A faithful copy is needed of the lines below from the one with "مراسم تجلیل از" up to and including the one with "18K金镶嵌戒指翡翠m92"; set it down with no pictures and no other lines.

DATASET CONTENT>
□ □ □

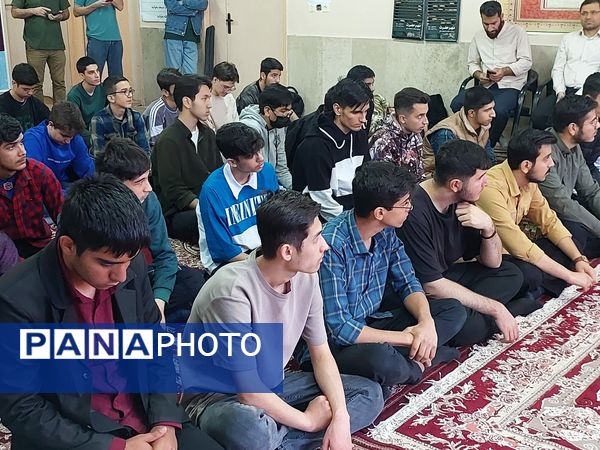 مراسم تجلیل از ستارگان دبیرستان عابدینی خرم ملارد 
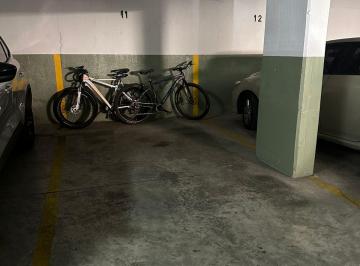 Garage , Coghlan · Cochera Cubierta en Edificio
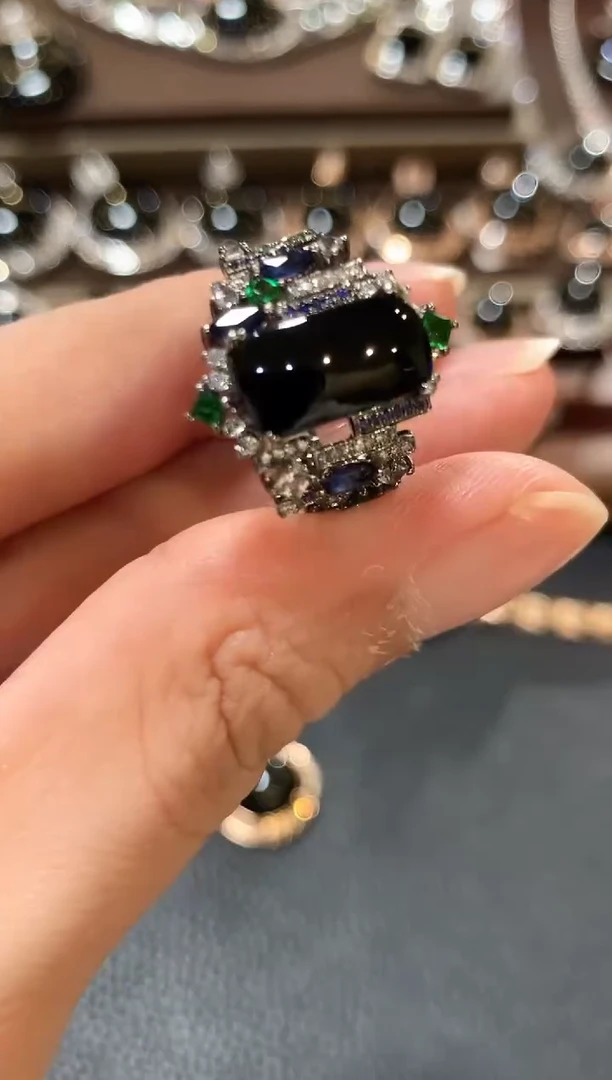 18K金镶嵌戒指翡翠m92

□ □ □

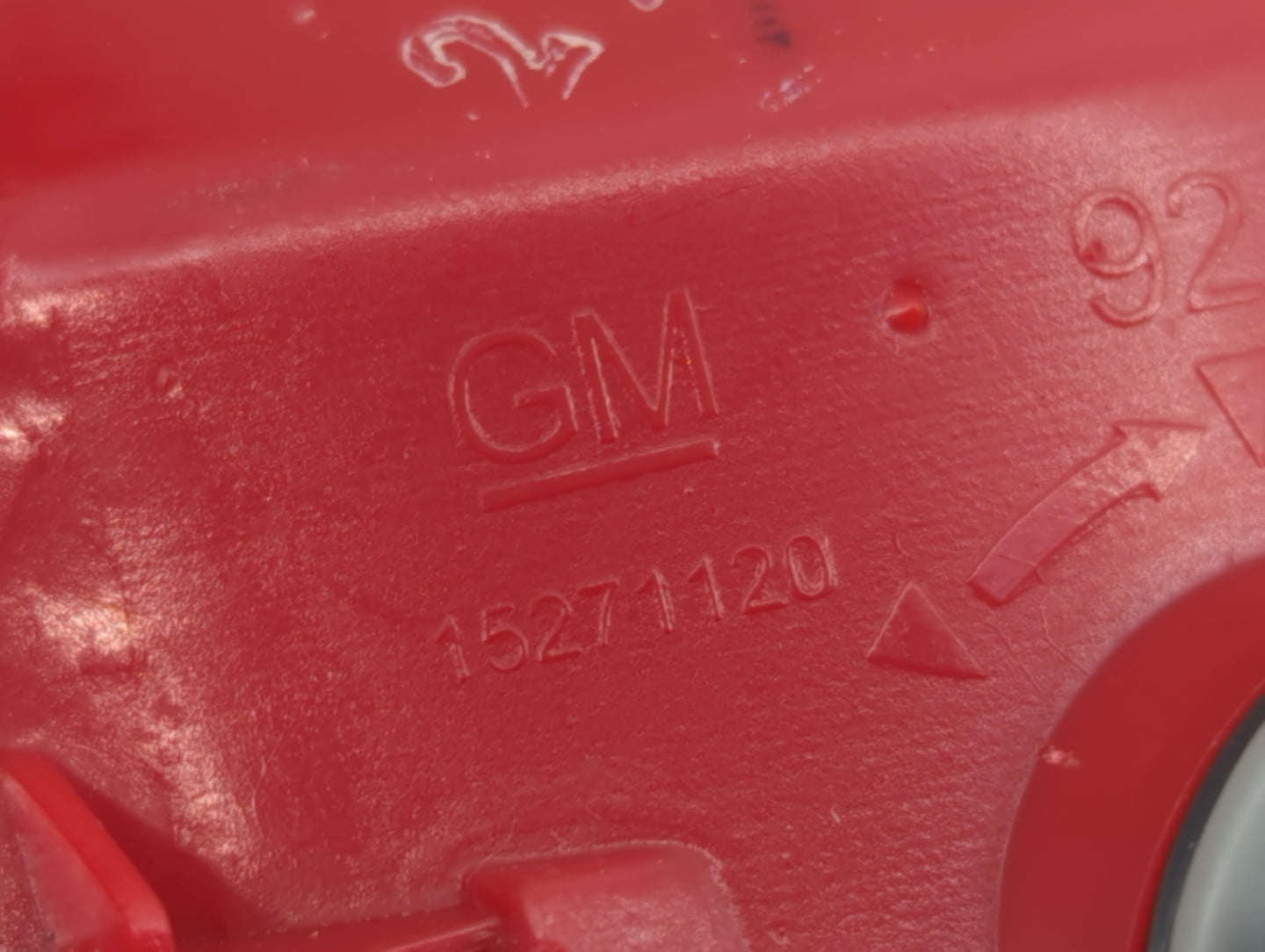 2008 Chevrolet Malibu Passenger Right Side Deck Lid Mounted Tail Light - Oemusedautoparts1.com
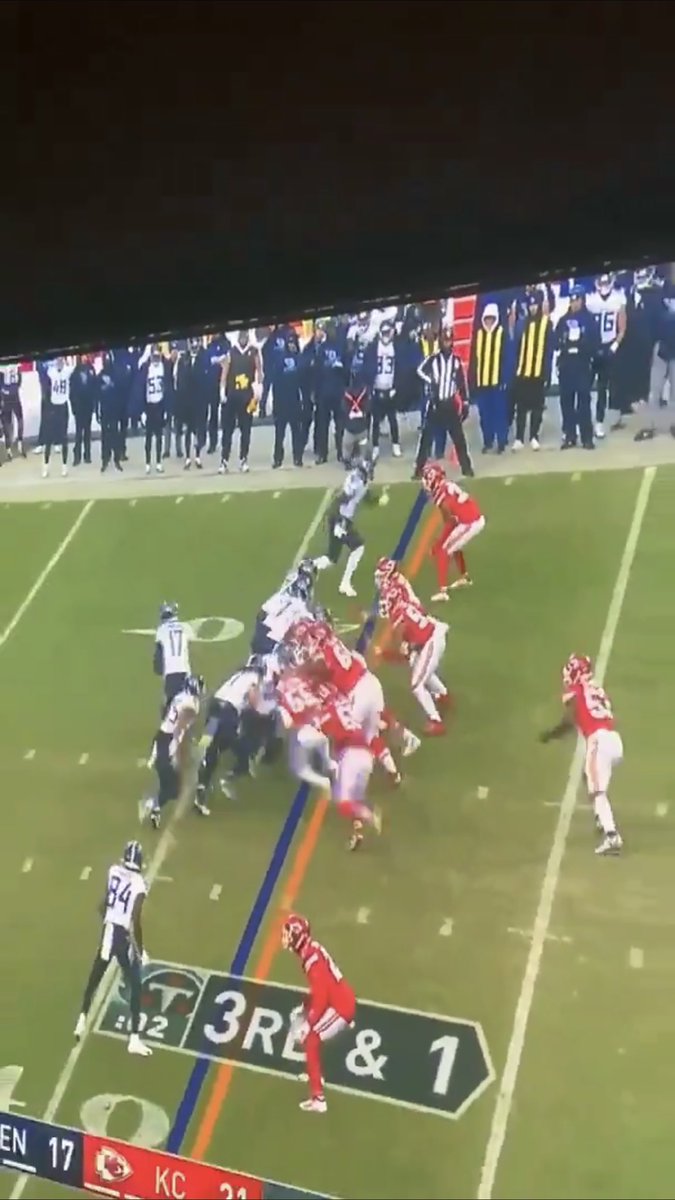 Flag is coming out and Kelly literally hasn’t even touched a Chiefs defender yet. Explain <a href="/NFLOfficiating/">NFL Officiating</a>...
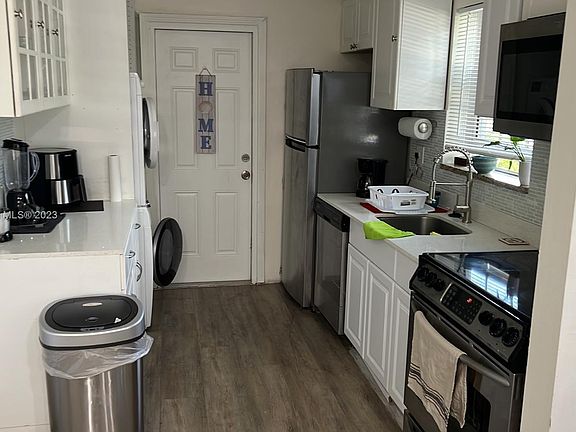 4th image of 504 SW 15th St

□ □ □

ANSWER SPACE>
 مراسم تجلیل از ستارگان دبیرستان عابدینی خرم ملارد 
 Garage , Coghlan · Cochera Cubierta en Edificio
 18K金镶嵌戒指翡翠m92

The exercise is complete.